The minimum period of employment in Australia is:

  • Employed in a small business for at least 12 months. A small business is defined as any business with fewer than 15 employees, calculated on a headcount of all employees who are employed on a regular and systematic basis; and
  • Employed in a larger business for at least six months.

Unlike the minimum period of employment, an employer and an employee can agree upon the terms of the probation period.  The term of the probation period will be what the parties agree and most commonly this is between three and six months.

It is the minimum period of employment that is enshrined in the Fair Work Act 2009 and determines when and if an employee can make use of the unfair dismissal laws and systems. There are also requirements that employees must fulfil to make use of these laws.

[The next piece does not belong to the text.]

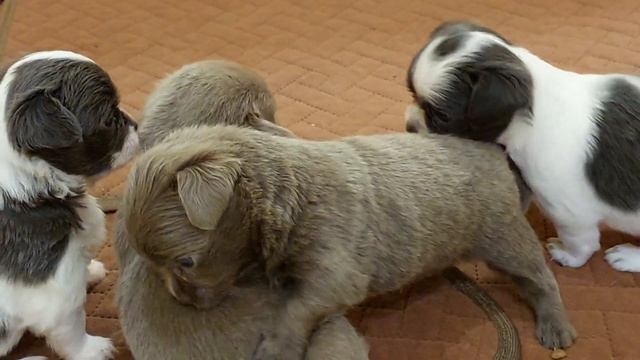 28 дней ИГРЫ ЩЕНКИ #чихуахуа ( Божена и Купидон) питомник Кастропуло Крым +79787458062 смотреть онлайн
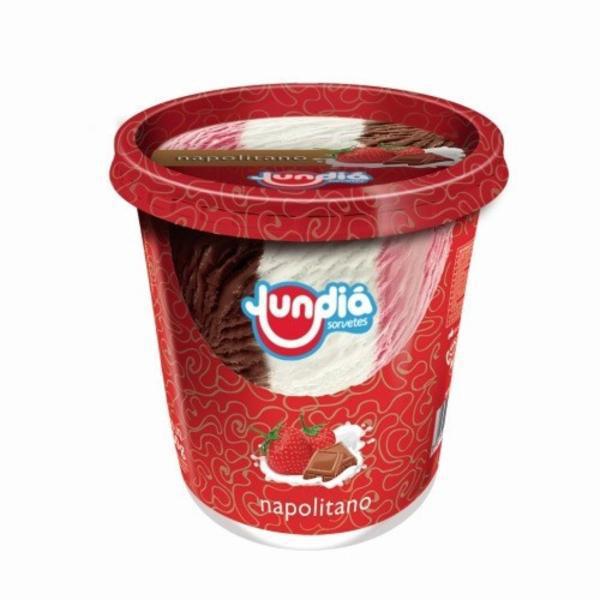 SORVETE JUNDIA COPO 415ML RADICAL NAPOLITANO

Terminating an employee’s contract

Broadly speaking, the best approach to managing employees on probation is to treat them as you would any other employee. If he/she is not performing as desired or expected, it is best to calmly point out those issues to the employee, as you would to long-term employees not on probation. As a matter of best Human Resources practice, employers should address the behaviour during the employment or during the probation period. If they are performing and you are pleased with their work, offering support and appreciation does not inhibit your ability to lean on the agreements and conditions set out in the contract.

Should you decide that your new employee is not suitable, and you need to terminate their employment, this must always be performed lawfully.

It is also important to note these key points:

  • Probation periods are not an easy way out for employers. It is a normal period of employment, during which employees are entitled to the statutory minimum entitlements of employment; and
  • It is vital for employers to be acutely aware of the probation period and know if the employee is to receive generous entitlements after their probation period expires. The period can also be important from an unfair dismissal perspective, for both employers and employees.

What not to do

Terminating employment before the minimum period of employment is served does not provide “carte blanche” to fire employees for any reason. Employers must not terminate the employment during any period for an unlawful reason, some of which are listed below:

  • A discriminatory reason such as race, colour, sex, age, physical or mental disability, pregnancy, religion, political opinion or nationality;
  • Because the employee has lodged a workplace complaint; or
  • Because the employee has made an enquiry. Termination on this basis would breach the general protections regime.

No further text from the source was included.